Content from What are backgrounds
Last updated on 2024-07-31 | Edit this page
Estimated time: 11 minutes
Overview
Questions
- What do we mean when we say “backgrounds”?
- Are all backgrounds the same?
- What do we mean by “model backgrounds”?
Objectives
- To develop an understanding of the terms, like background modeling
Introduction
As a reminder, we’re going to reproduce parts of a 2019 CMS study for resonant production of top-antitop pairs. The paper can be found here and hypothesizes a particle with specific properties referred to as \(Z'\) which is produced in our proton-proton collisions and then decays to a top-antitop pair.
\[p p \rightarrow Z' \rightarrow t\overline{t}\]
A challenge is that there are standard model processes than can produce the same final state objects and can mimic our signal. We have chosen selection criteria such that the kinematics are different from our signal, but we can’t entirely eliminate all the standard model processes and so we need to estimate how much of the remaining collision data can be explained by these background processes.
Backgrounds
In particle physics we are usually either a) searching for new physics or b) trying to make a precise measurement of some standard model process.
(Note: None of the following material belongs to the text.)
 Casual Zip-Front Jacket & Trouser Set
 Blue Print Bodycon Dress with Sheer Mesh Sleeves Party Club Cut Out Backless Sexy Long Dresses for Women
In the case of the former, we can almost never entirely get rid of all the standard model processes. In the case of the latter, we can almost never get rid of all the other standard model processes that are not the one we’re interested in. In both cases, these remaining data are referred to as backgrounds.
Backgrounds can come in different forms.
- Standard model processes that produce the same final state as what we are interested in
- Mistakes in how we reconstruct our physics objects such that it looks like we have the same final state
The first case is usually what we are dealing with at the LHC experiments.
For example, let’s look at this plot showing a Higgs measurement (formerly a Higgs discovery!). This type of plot is ubiquitous in high energy physics analysis. It shows a stacked histogram of Monte Carlo (simulation) for the signal (Higgs) and background processes, compared with the collision data overlaid.
It is obvious that without the inclusion of the Higgs hypothesis we would not be able to fully describe these data.
Now let’s step back and take a look at everything that went into this plot! While we are not going to go through all of this, we draw your attention to the comments about the standard model processes: our backgrounds. Since we are working our way through an exercise where we search for signs of new physics, understanding our background contributions is incredibly important.
Background processes for our analysis
As a reminder, we will concern ourselves with four (4) physics processes that might mimic our signal and which we identify as possible backgrounds.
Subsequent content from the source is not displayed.